Task brief:
Pictures do not belong in the copy. Output exactly the lines from the one containing "2024/25 Topps Chrome" to the end of the listing below.

Provided records:
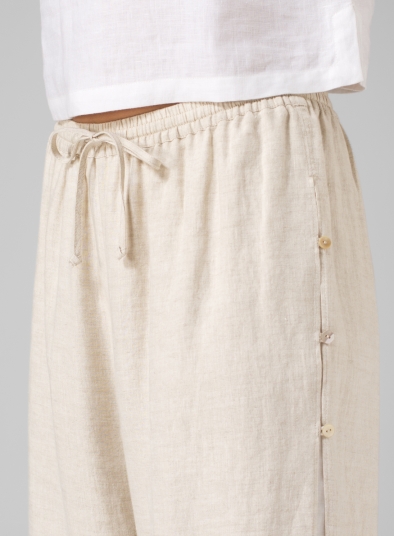 Linen Double-Layer Cropped Pants With Sea Shell Button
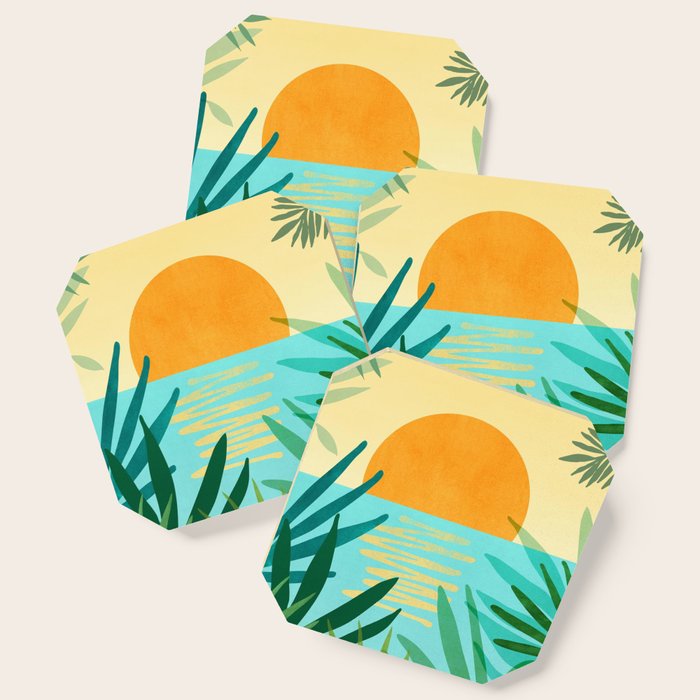 Tropical Ocean View Landscape Illustration Coaster Gallery Image 1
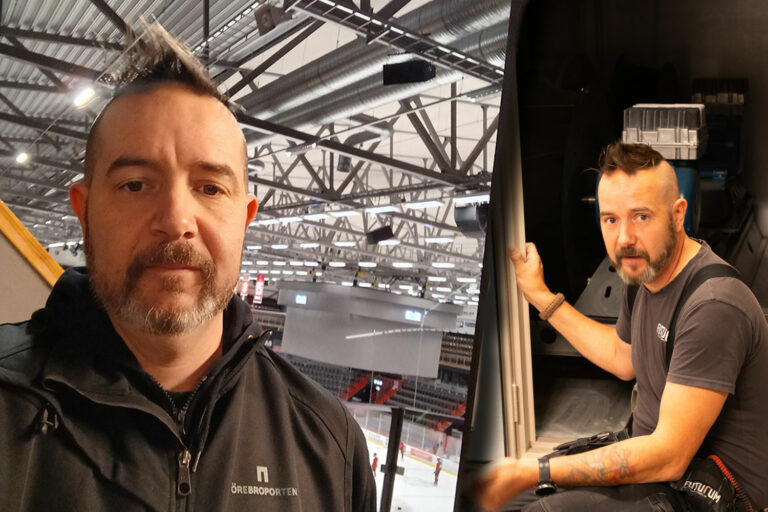 Driftteknikern Ola Backlund i hockeyarenan som ingår i fastighetena han driftar på nya jobbet.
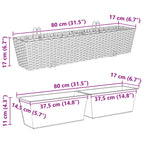 Ringhiera 2 pcs 80 x 17 x 17 cm Metallo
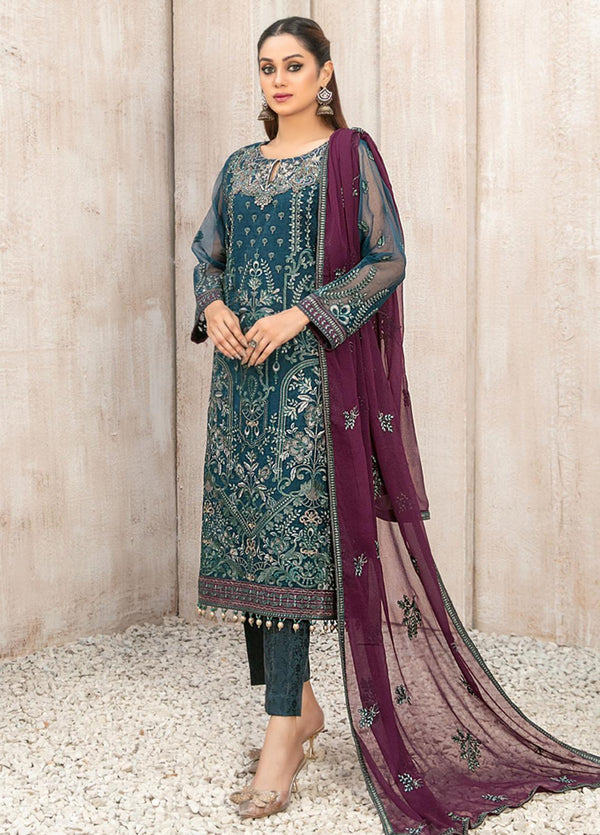 Z-279 Embroidered Organza Ready Made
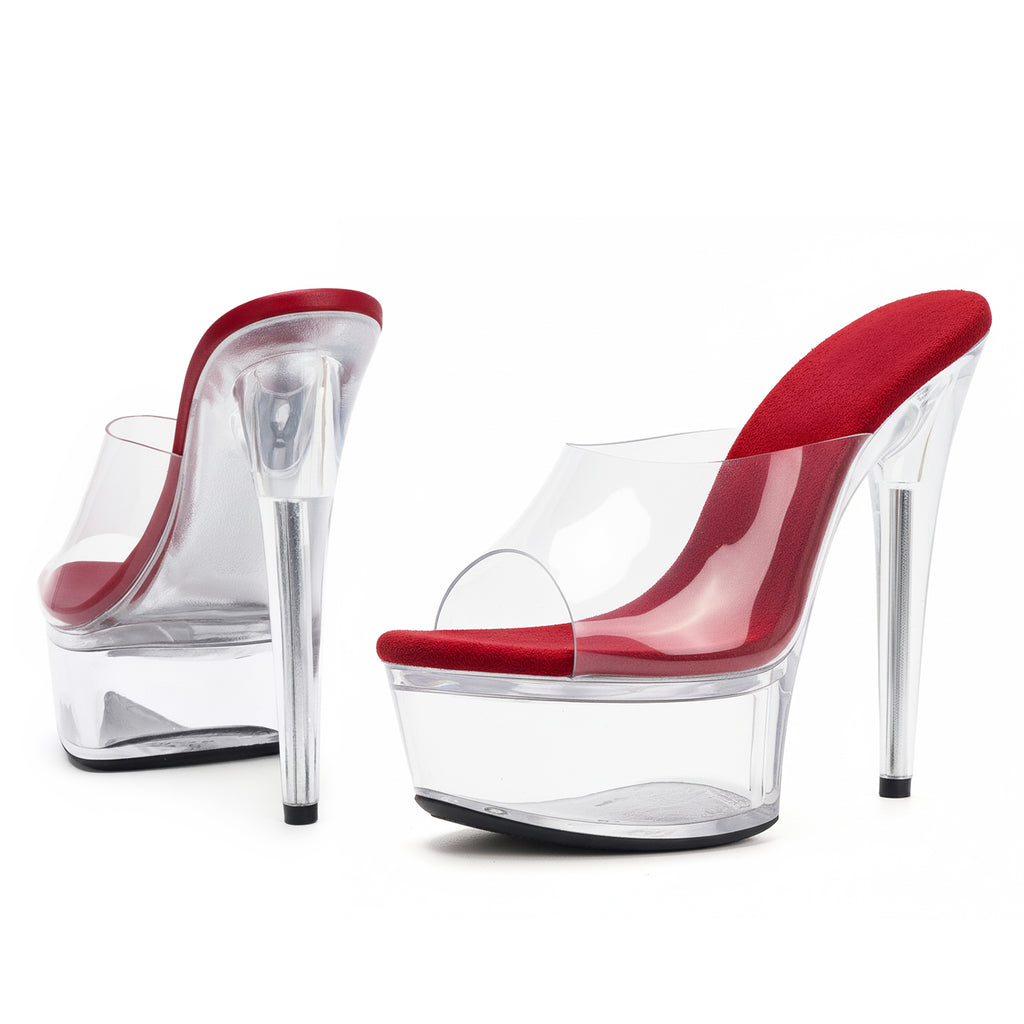 WUXIN H&P 6 Inch Clear Stiletto Slide Heels | Peep Toe | Red, Clear & Black | US Size 5-13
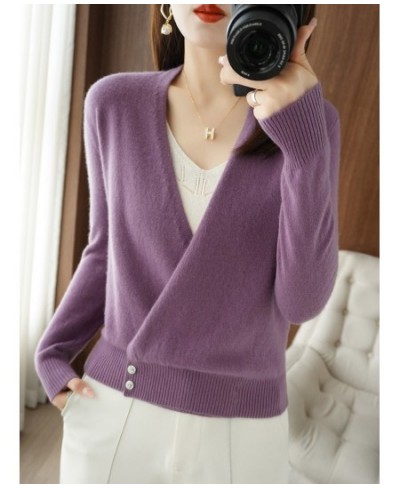 Winter Fashion Women Wool Blend Knitted Sweater V-neck Criss-Cross Cardigan Standard Cashmere Knitwear Sexy Warm Female Tops ...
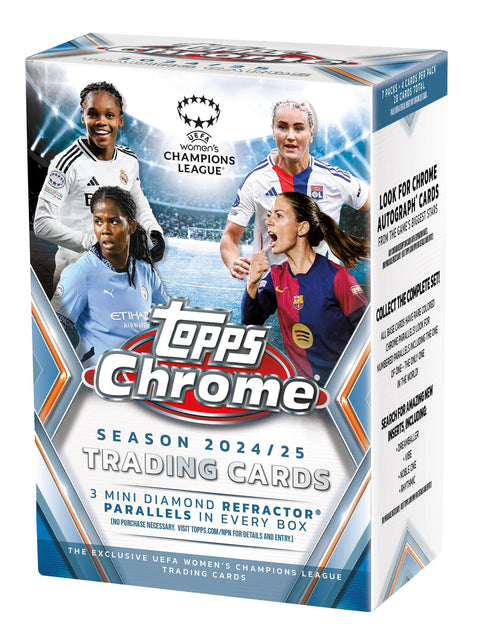 2024/25 Topps Chrome UEFA Women's Champions League Soccer 7-Pack Blaster
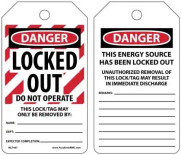 OSHA Danger Safety Tags: Locked Out - Do Not Operate | 25 pk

Answer below:
 2024/25 Topps Chrome UEFA Women's Champions League Soccer 7-Pack Blaster
 OSHA Danger Safety Tags: Locked Out - Do Not Operate | 25 pk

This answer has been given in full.